Provided material below:
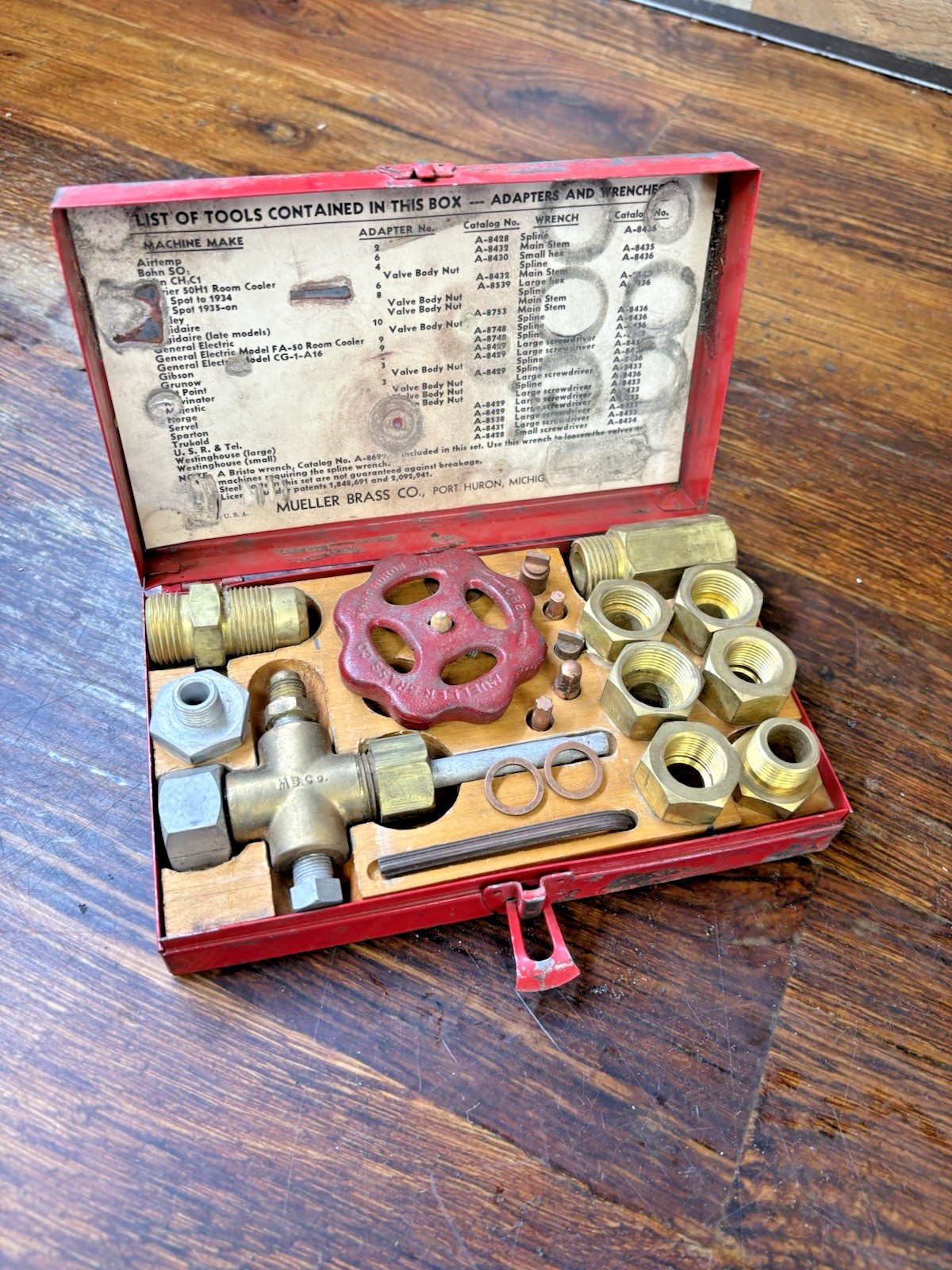 Vintage 1940’s Mueller Brass Charging Purging Refrigeration Valve Kit USA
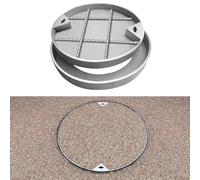 Couvercle et cadre de regard circulaire en acier inoxydable - Chambre d'égout encastrée et dissimulée robuste Intégré(Diameter 27.6in)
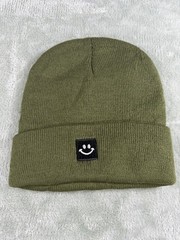 Green Cuffed Beanie Hat Solid One Size Unisex Youth Smiley Patch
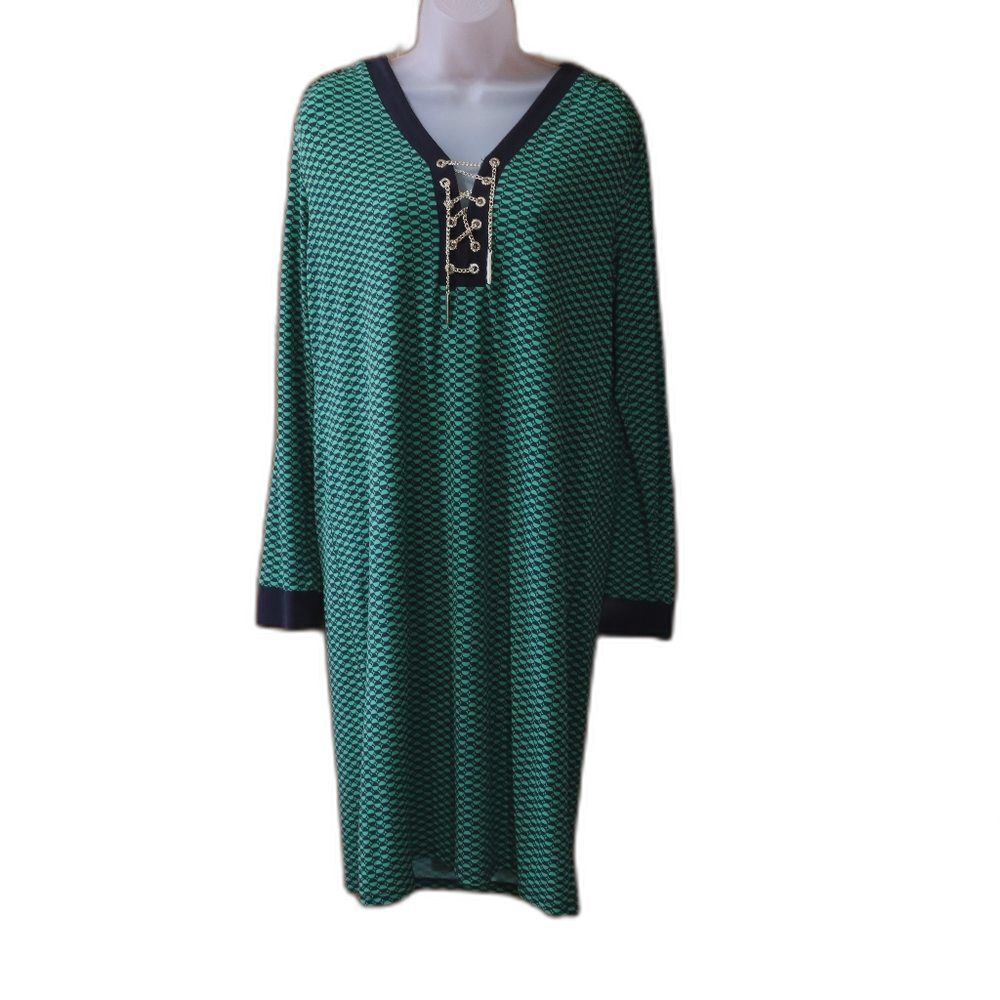 Michael Michael Kors Green Geometric Y2K Gold Chain Corset Midi Party Dress 12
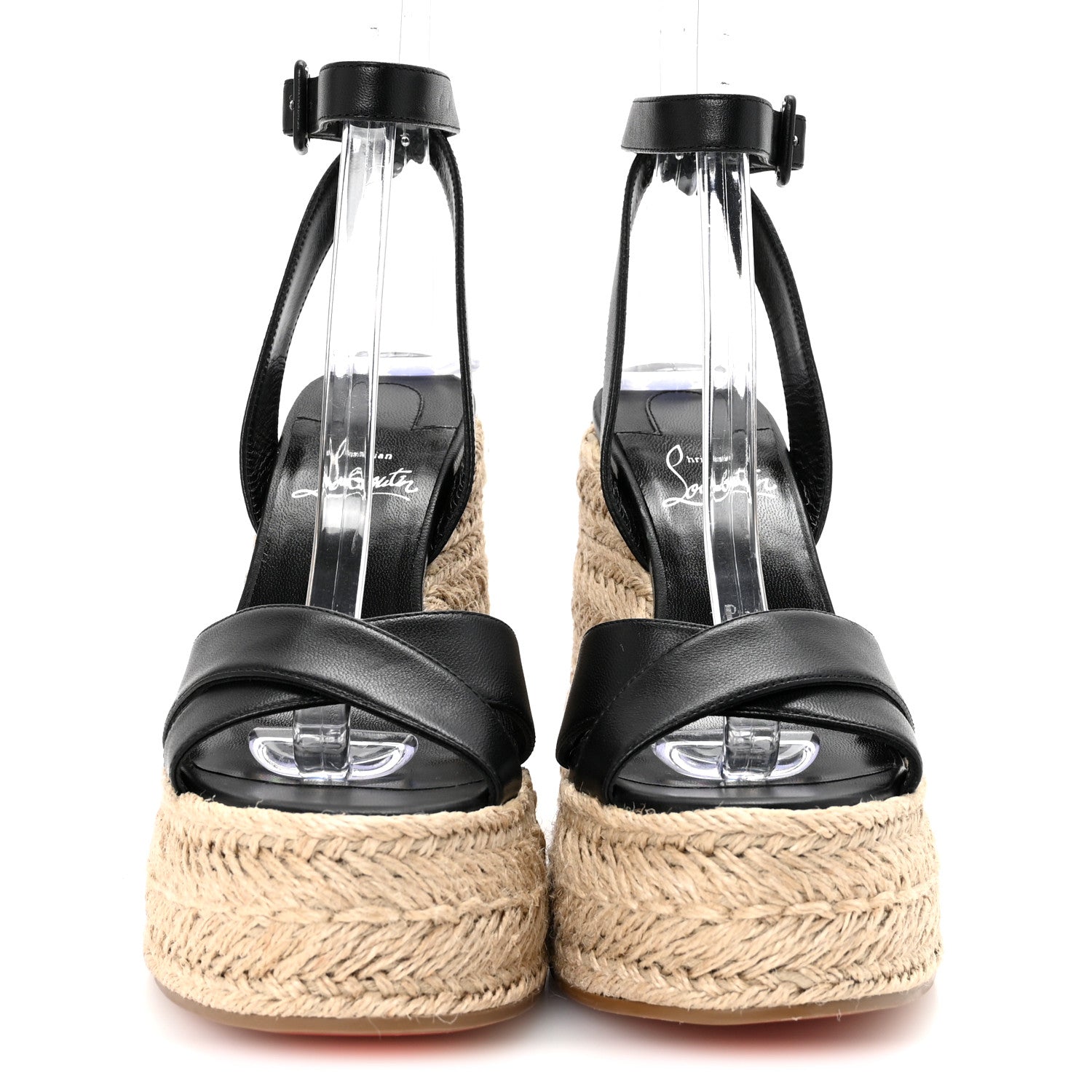 Christian Louboutin Goatskin Mariza Zeppa 130 Espadrille Sandals 37 Black 3 of 9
End of Provided material.
### What you need to do
Pictures aside, give the data again exactly as it appears.

### Answer box
 Vintage 1940’s Mueller Brass Charging Purging Refrigeration Valve Kit USA
 Couvercle et cadre de regard circulaire en acier inoxydable - Chambre d'égout encastrée et dissimulée robuste Intégré(Diameter 27.6in)
 Green Cuffed Beanie Hat Solid One Size Unisex Youth Smiley Patch
 Michael Michael Kors Green Geometric Y2K Gold Chain Corset Midi Party Dress 12
 Christian Louboutin Goatskin Mariza Zeppa 130 Espadrille Sandals 37 Black 3 of 9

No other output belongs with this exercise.